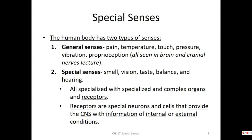General senses tell us general information about the world around us. They don't have specialized organs — they have specialized receptors like nociceptors for pain, thermoceptors for temperature, tactile receptors for touch, and lamellated or Pacinian corpuscles for pressure and vibration. They are specialized receptors, but no specialized organ contains only those. Special senses, by contrast, are found only in one organ — smell only in the nose, vision only in the eye, taste only on the tongue, and balance and hearing only in the inner ear.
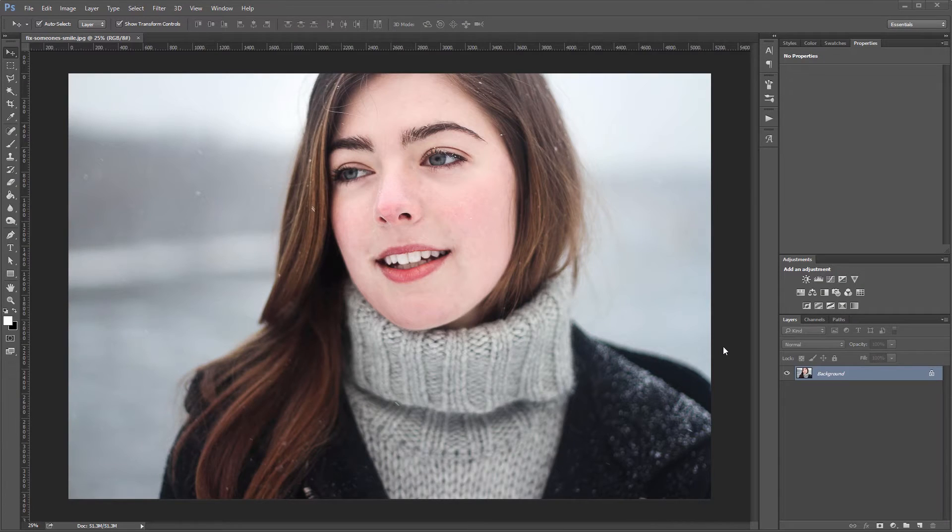Hey guys, in this video I'm going to show you how to fix or tweak someone's smile using the Puppet Warp tool in Photoshop.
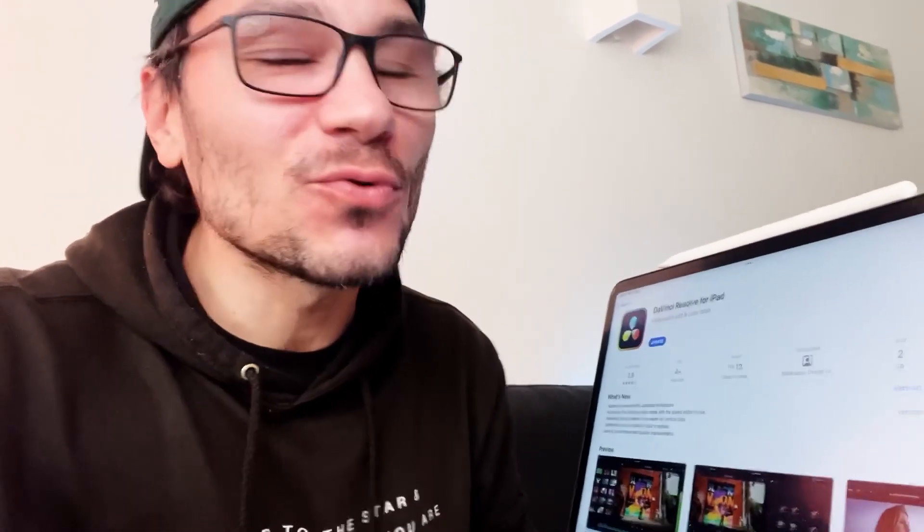Hey guys, there is a new update for DaVinci Resolve on the iPad and I will now go through this with you together.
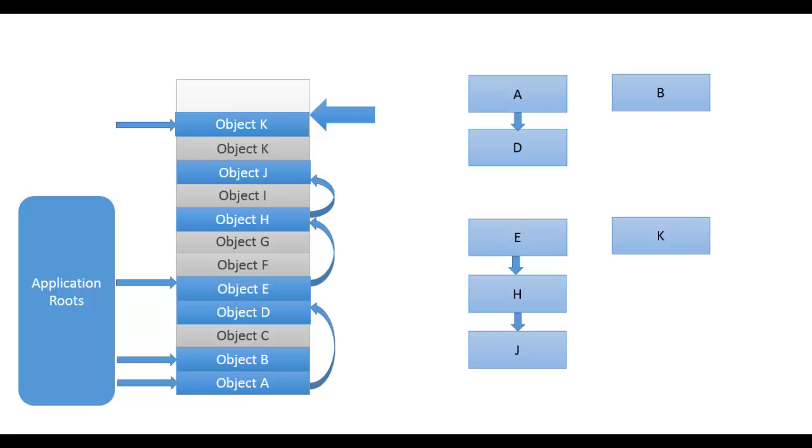First contains A and E. Second contains E, H, J. Third and fourth have only one element, B and K. Now GC has a list of objects that are reachable by roots so the rest are considered as garbage.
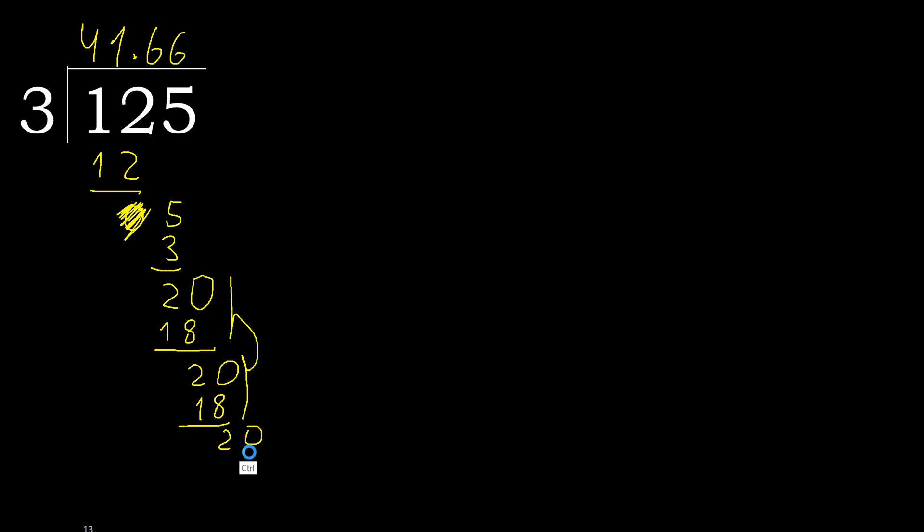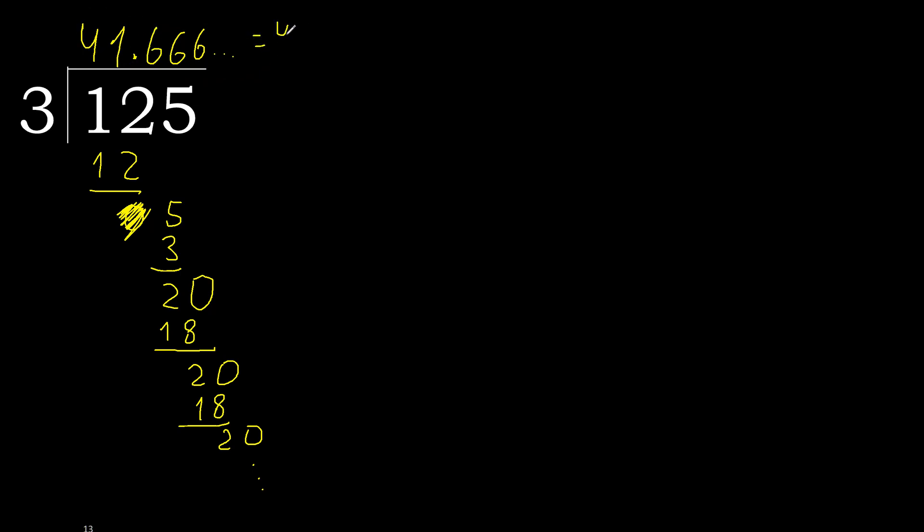Repeat, therefore repeat. Therefore 6 repeat. Finish it. 125 divided by 3 is here, or after the point, 6 repeat, ok.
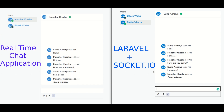Hello guys, welcome to this YouTube channel. In this series of tutorials, I would like to introduce a complete chat application with Laravel and socket.io. At the end of the course, you will be able to create a real time chat application yourself.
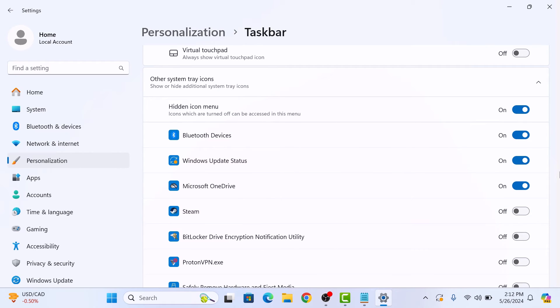Here you will see a list of all the apps that can appear in your System Tray. To show an icon, simply toggle the switch next to the app. So turn on all the icons.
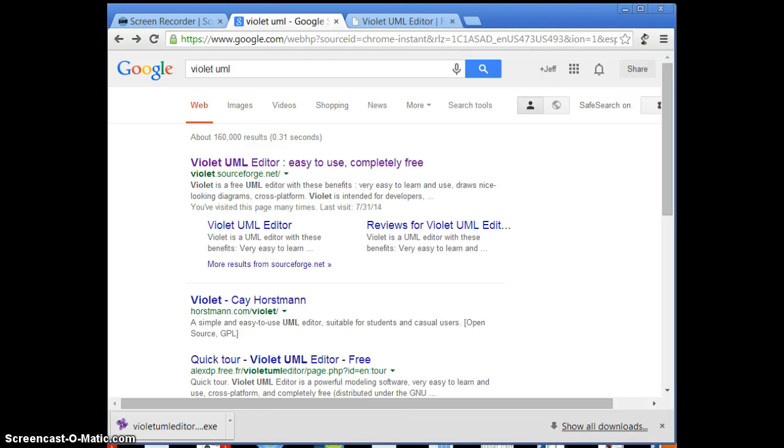Hi, this is Jeff Howells. I want to show you the Violet UML Editor. As it says here on the website, easy to use and completely free.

> TASK DETAILS
Restate the listing above word for word. Leave the images out.

> ANSWER TO THE EXERCISE
General senses tell us general information about the world around us. They don't have specialized organs — they have specialized receptors like nociceptors for pain, thermoceptors for temperature, tactile receptors for touch, and lamellated or Pacinian corpuscles for pressure and vibration. They are specialized receptors, but no specialized organ contains only those. Special senses, by contrast, are found only in one organ — smell only in the nose, vision only in the eye, taste only on the tongue, and balance and hearing only in the inner ear.
Hey guys, in this video I'm going to show you how to fix or tweak someone's smile using the Puppet Warp tool in Photoshop.
Hey guys, there is a new update for DaVinci Resolve on the iPad and I will now go through this with you together.
First contains A and E. Second contains E, H, J. Third and fourth have only one element, B and K. Now GC has a list of objects that are reachable by roots so the rest are considered as garbage.
Repeat, therefore repeat. Therefore 6 repeat. Finish it. 125 divided by 3 is here, or after the point, 6 repeat, ok.
Hello guys, welcome to this YouTube channel. In this series of tutorials, I would like to introduce a complete chat application with Laravel and socket.io. At the end of the course, you will be able to create a real time chat application yourself.
Here you will see a list of all the apps that can appear in your System Tray. To show an icon, simply toggle the switch next to the app. So turn on all the icons.
Hi, this is Jeff Howells. I want to show you the Violet UML Editor. As it says here on the website, easy to use and completely free.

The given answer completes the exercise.